> WHAT IS REQUIRED: Keep the pictures out of the copy and repeat the records exactly.

> DATA SECTION:
BEGIN

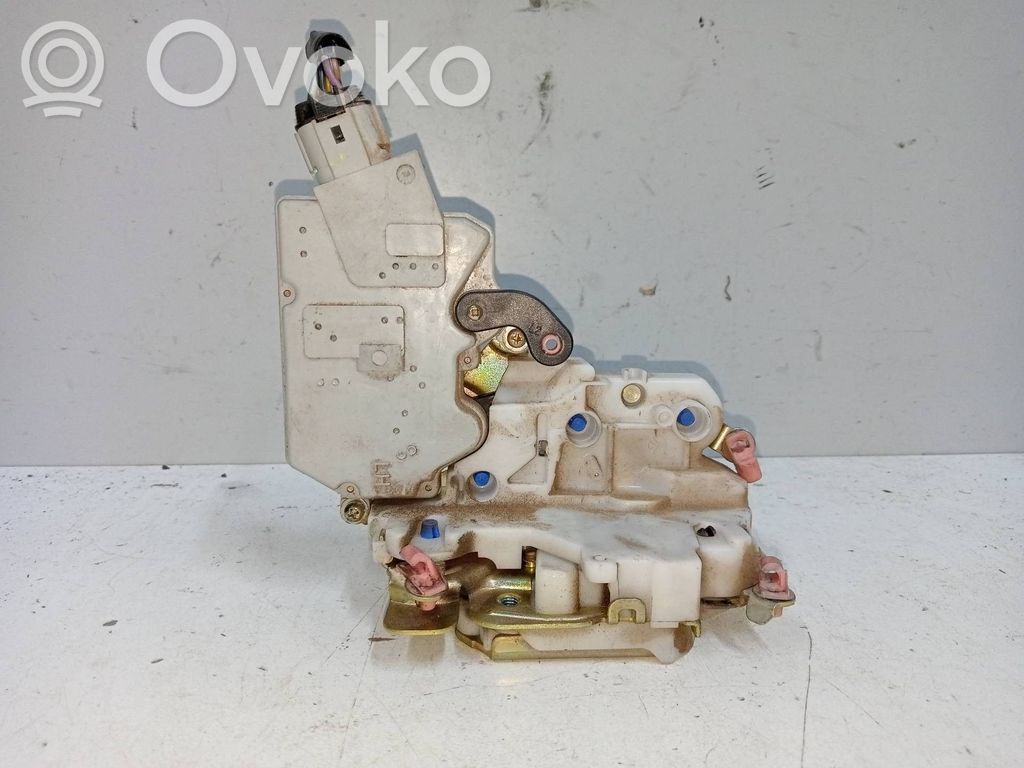 Etuoven lukko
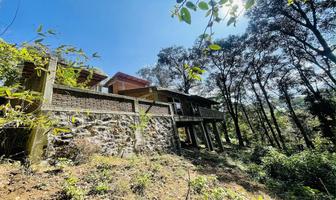 Foto de inmueble en Acatitlán, Col. Santa María Ahuacatlan C.P. 51200, Valle de Bravo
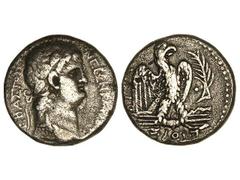 Tetradracma. 54-68 d.C. NERÓN. SIRIA. Anv.: Cabeza laureada a derecha. Rev.: Águila en pie a derecha. AR. MBC.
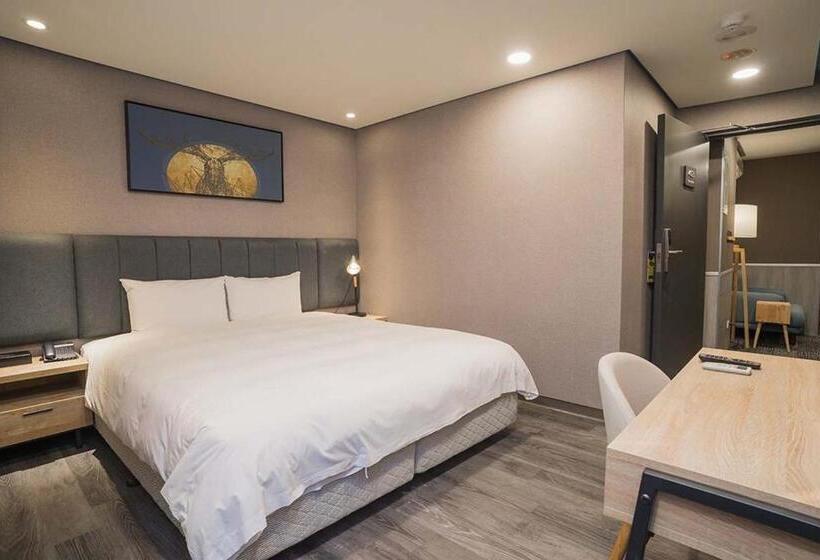 اتاق سوپریور, Royal Rose Hotel Taipei Station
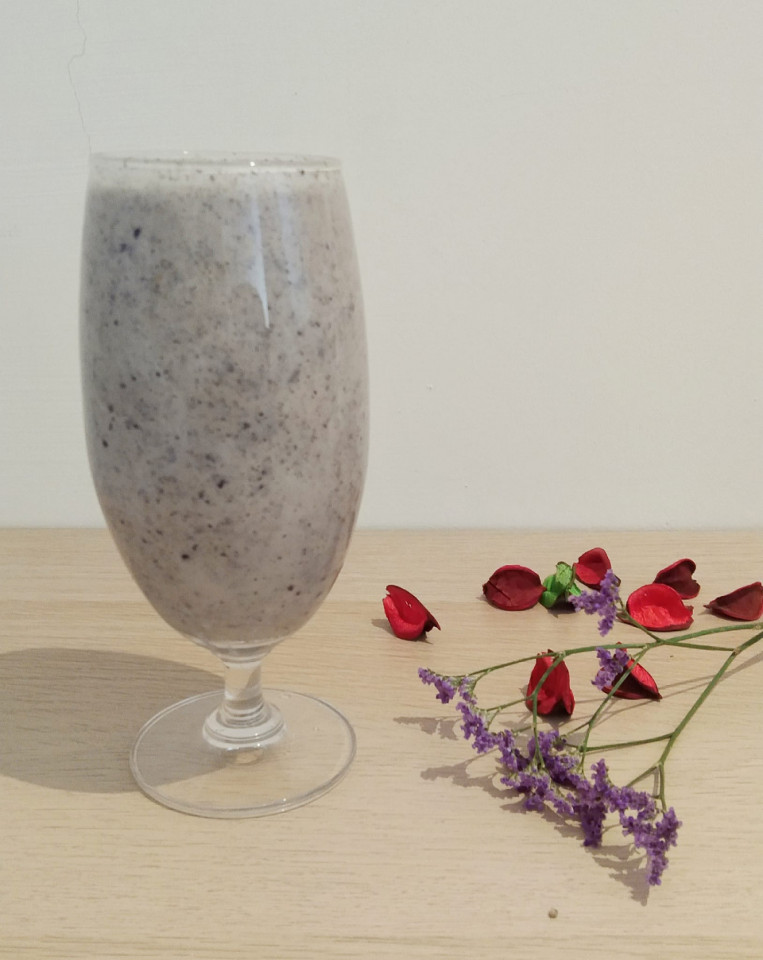 兒童確診飲食 黑芝麻藍莓優格飲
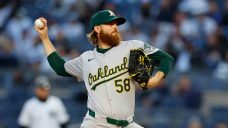 Mets acquire RHP Paul Blackburn from Athletics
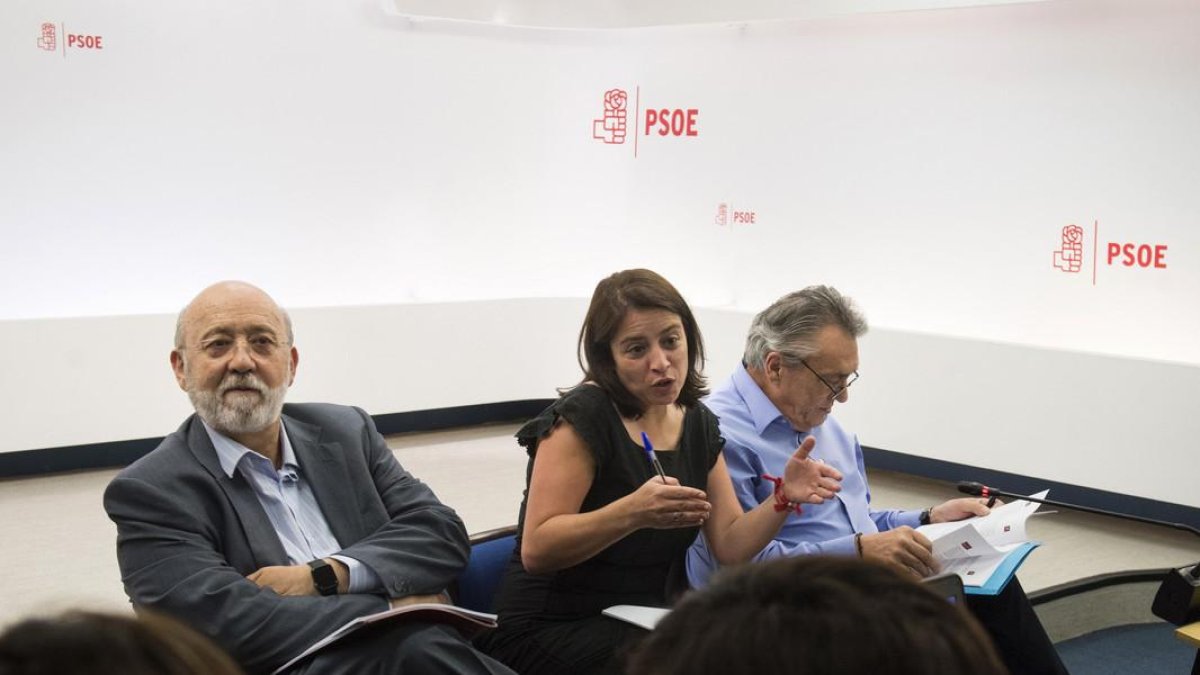 José Félix Tezanos (izquierda) en una reunión junto a Adriana Lastra y Manuel Escudero.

END

> EXERCISE RESPONSE:
 Etuoven lukko
 Foto de inmueble en Acatitlán, Col. Santa María Ahuacatlan C.P. 51200, Valle de Bravo
 Tetradracma. 54-68 d.C. NERÓN. SIRIA. Anv.: Cabeza laureada a derecha. Rev.: Águila en pie a derecha. AR. MBC.
 اتاق سوپریور, Royal Rose Hotel Taipei Station
 兒童確診飲食 黑芝麻藍莓優格飲
 Mets acquire RHP Paul Blackburn from Athletics
 José Félix Tezanos (izquierda) en una reunión junto a Adriana Lastra y Manuel Escudero.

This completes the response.